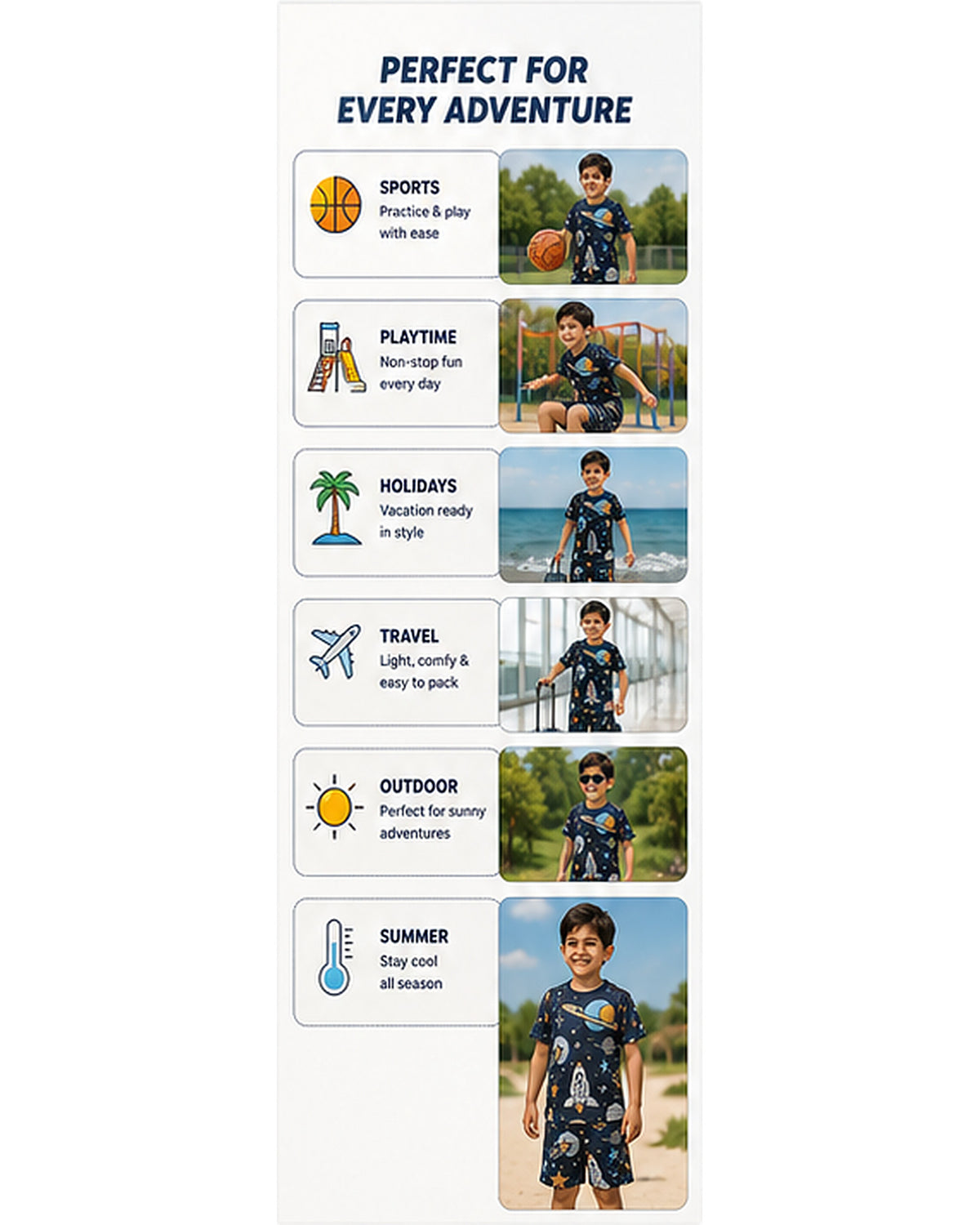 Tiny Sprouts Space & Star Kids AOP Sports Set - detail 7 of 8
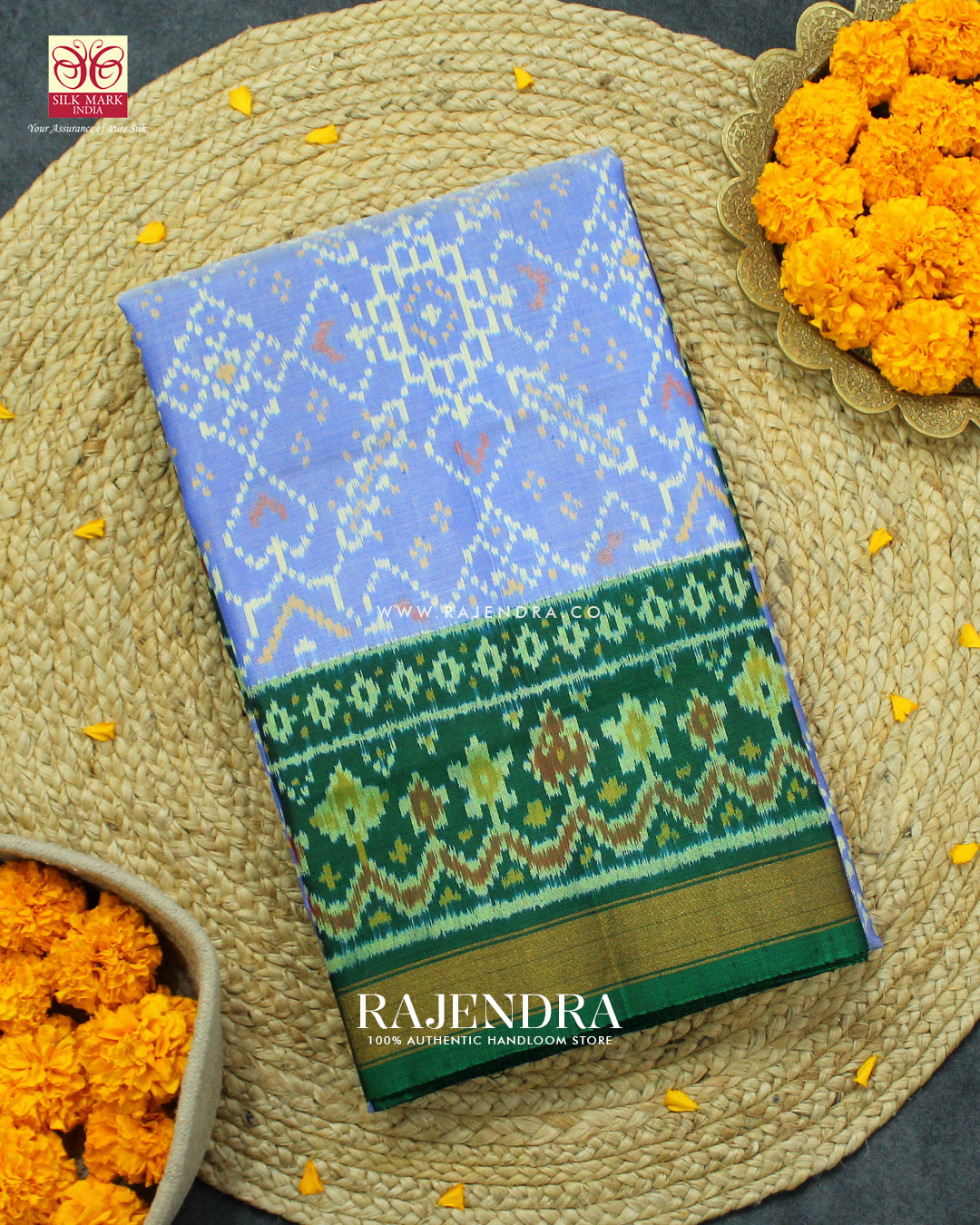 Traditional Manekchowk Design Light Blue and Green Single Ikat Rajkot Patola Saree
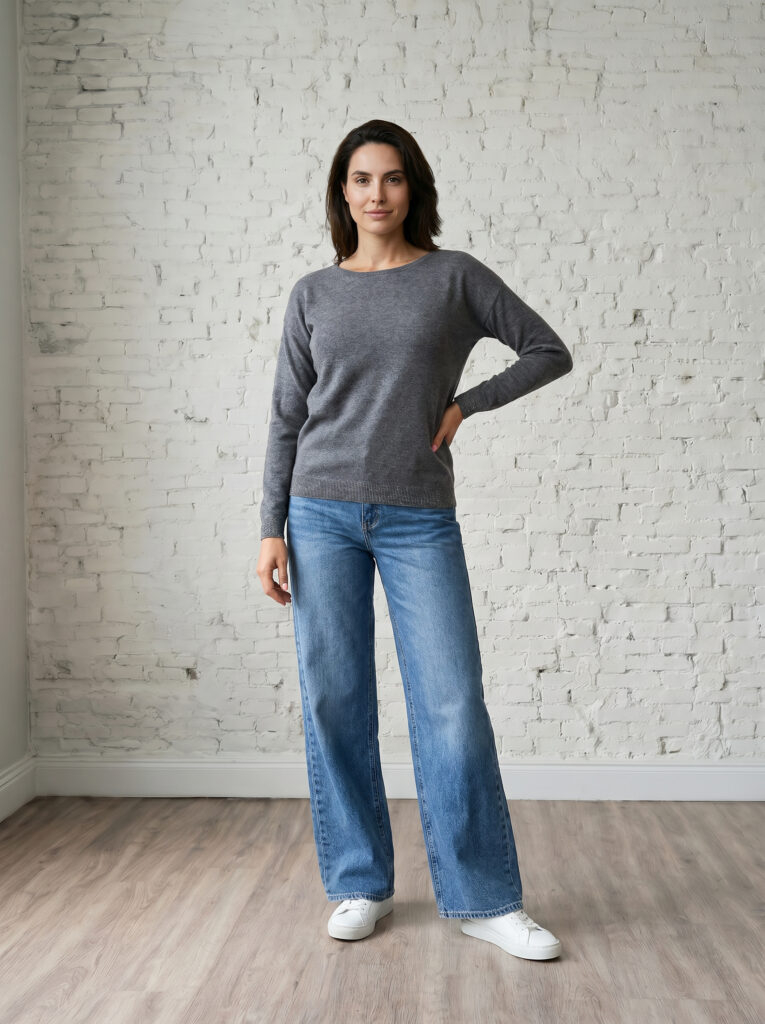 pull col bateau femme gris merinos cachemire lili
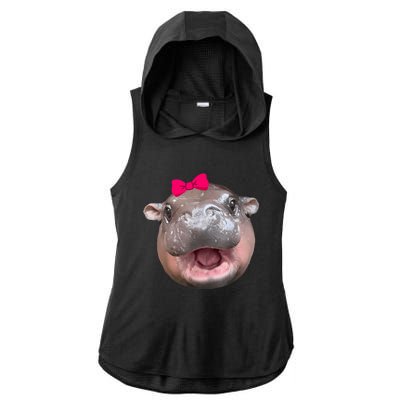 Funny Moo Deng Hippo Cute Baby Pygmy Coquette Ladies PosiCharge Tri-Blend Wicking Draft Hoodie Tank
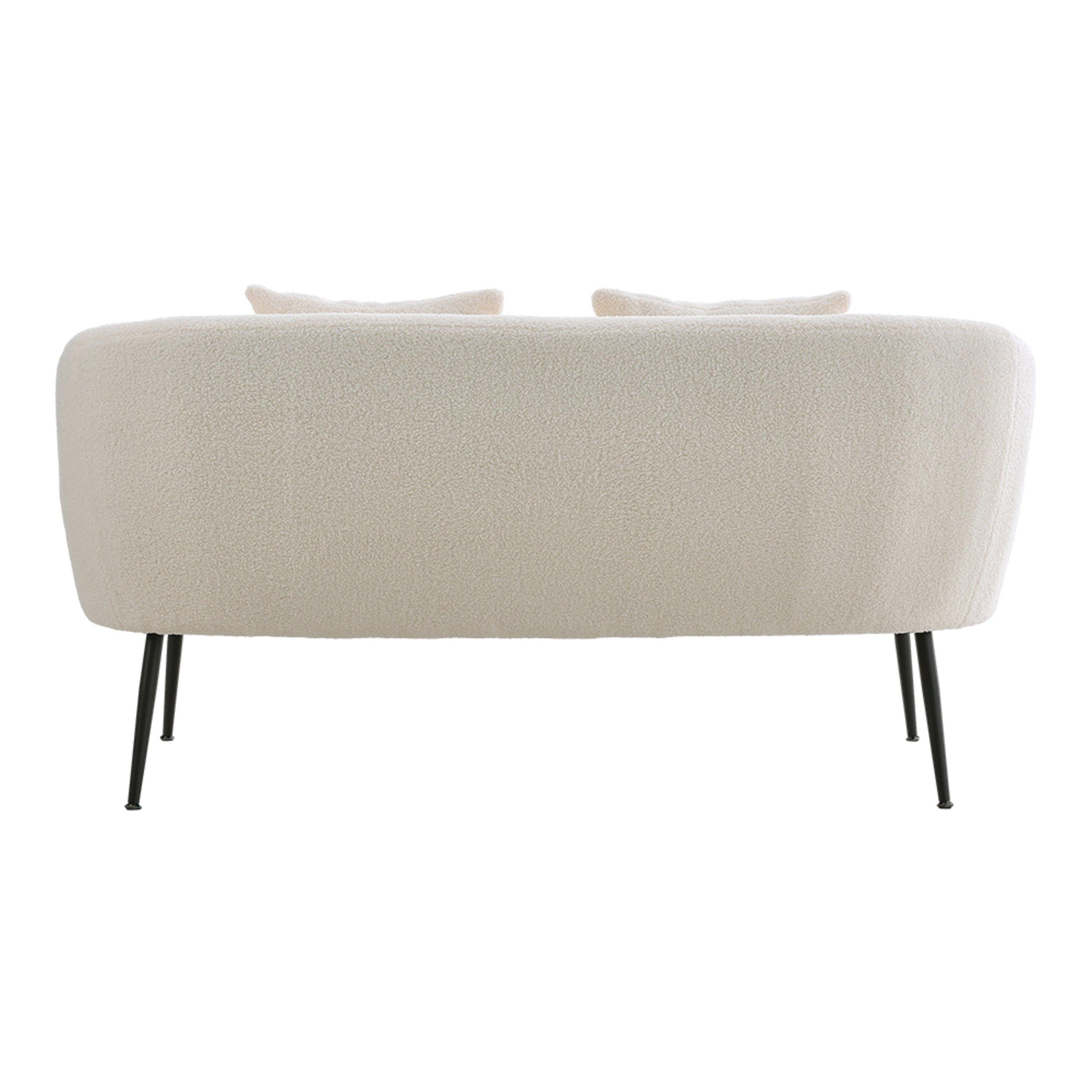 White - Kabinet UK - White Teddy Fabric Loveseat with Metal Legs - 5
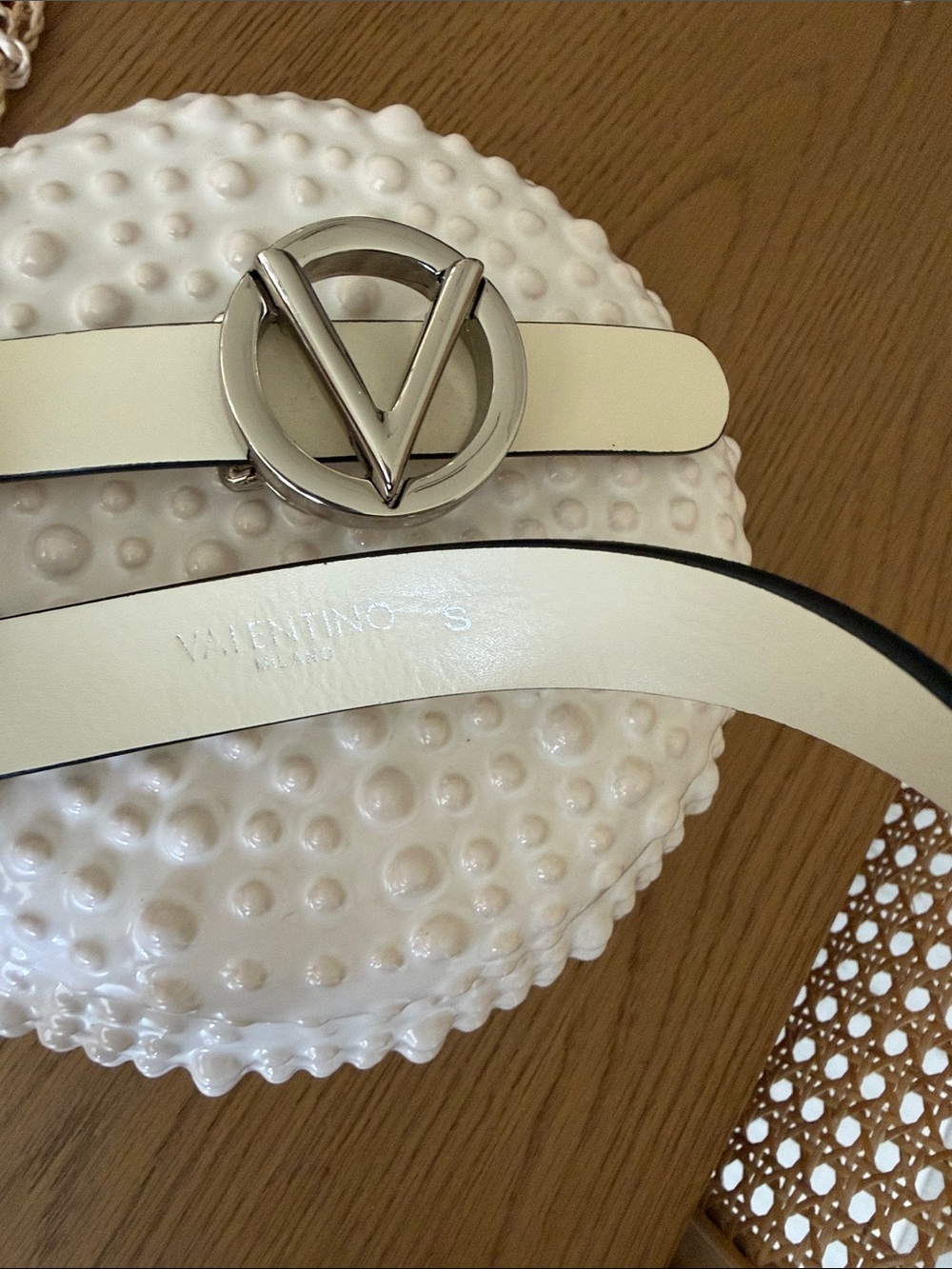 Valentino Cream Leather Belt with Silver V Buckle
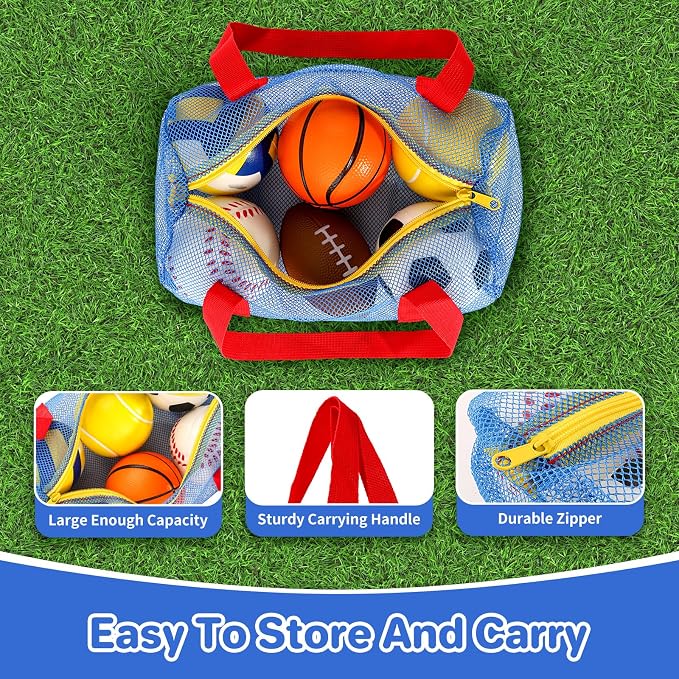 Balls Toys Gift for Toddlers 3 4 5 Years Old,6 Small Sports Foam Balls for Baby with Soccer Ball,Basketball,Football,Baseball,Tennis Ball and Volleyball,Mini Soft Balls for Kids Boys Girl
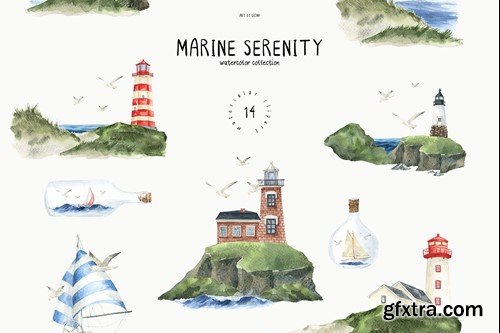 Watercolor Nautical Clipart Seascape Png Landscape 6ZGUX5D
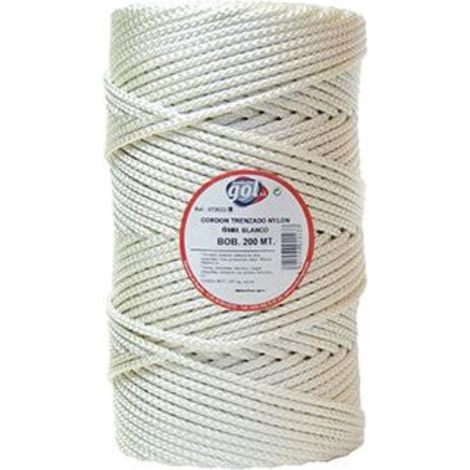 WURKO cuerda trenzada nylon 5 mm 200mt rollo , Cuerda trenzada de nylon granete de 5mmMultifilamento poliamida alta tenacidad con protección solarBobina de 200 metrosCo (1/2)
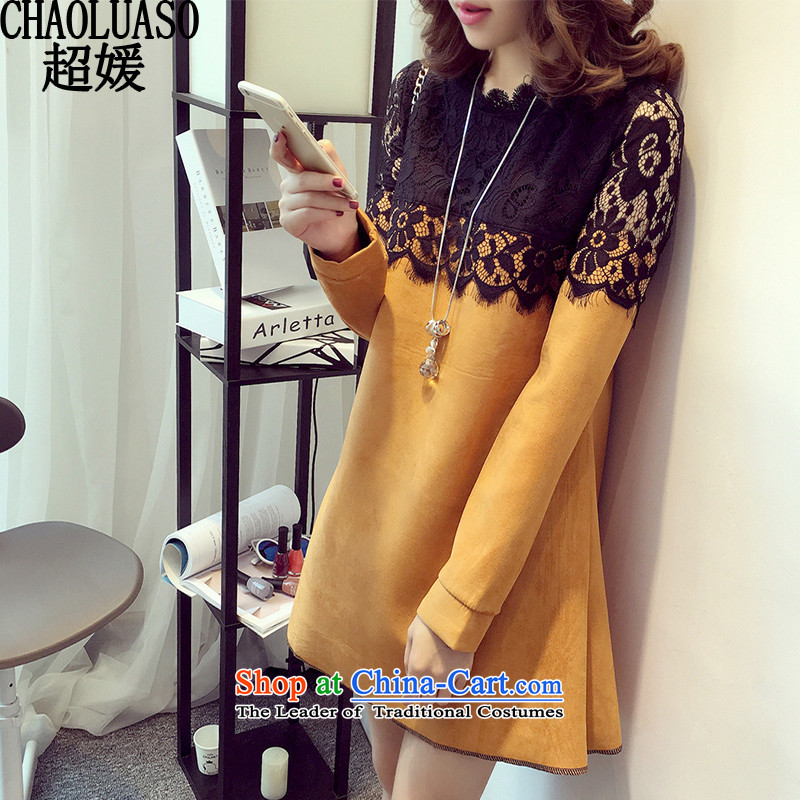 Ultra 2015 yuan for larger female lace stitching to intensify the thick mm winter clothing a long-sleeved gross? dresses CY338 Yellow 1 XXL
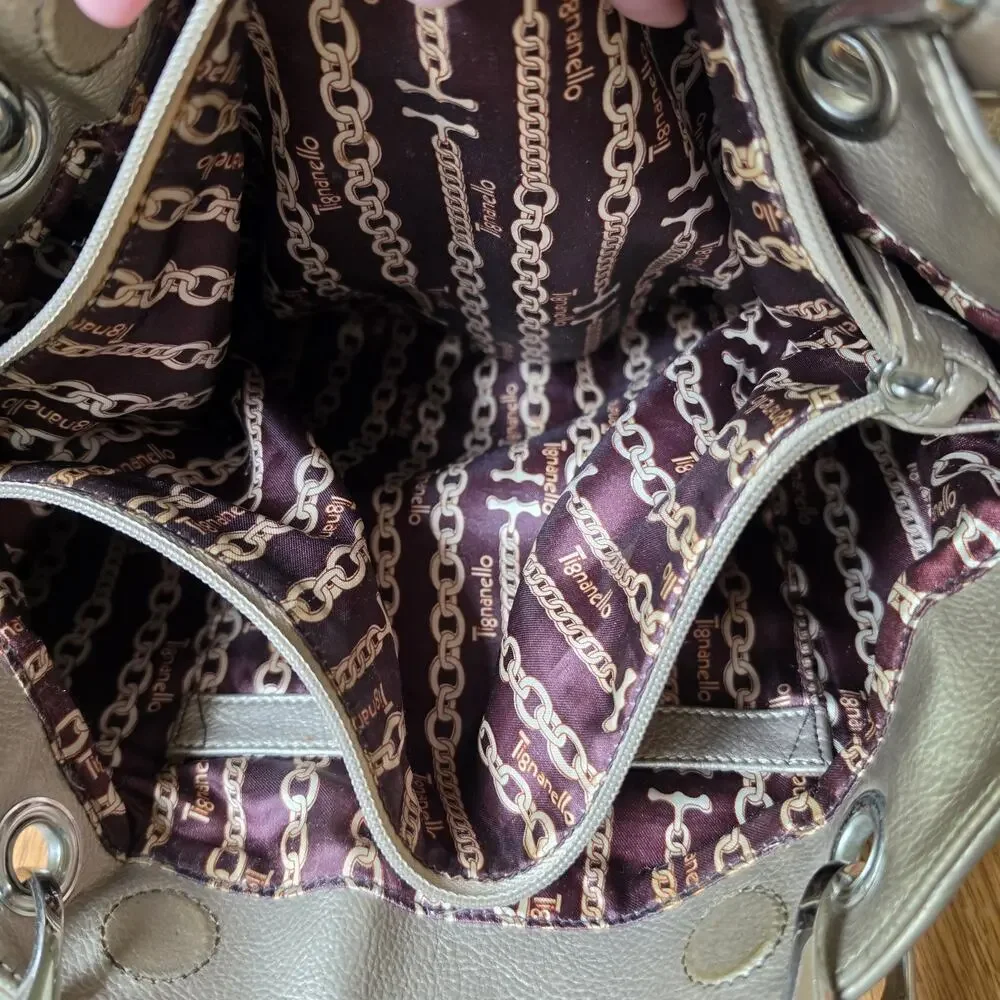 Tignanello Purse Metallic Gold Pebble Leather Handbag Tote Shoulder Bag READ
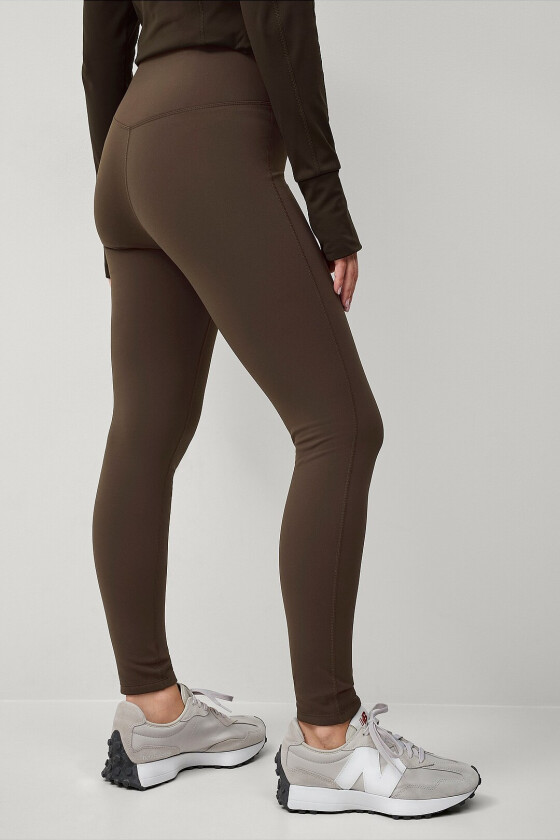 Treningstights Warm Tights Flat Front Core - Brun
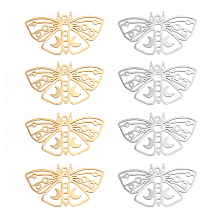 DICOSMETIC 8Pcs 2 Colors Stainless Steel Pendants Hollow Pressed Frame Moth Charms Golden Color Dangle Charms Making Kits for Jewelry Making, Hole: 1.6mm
◆ ◆ ◆ ◆ ◆
BRIEF: Your answer should be the exact lines above from the one containing "pull col bateau" through the one containing "Valentino Cream Leather", with both end lines kept and the pictures removed, please.

REPLY TO THE TASK:
 pull col bateau femme gris merinos cachemire lili
 Funny Moo Deng Hippo Cute Baby Pygmy Coquette Ladies PosiCharge Tri-Blend Wicking Draft Hoodie Tank
 White - Kabinet UK - White Teddy Fabric Loveseat with Metal Legs - 5
 Valentino Cream Leather Belt with Silver V Buckle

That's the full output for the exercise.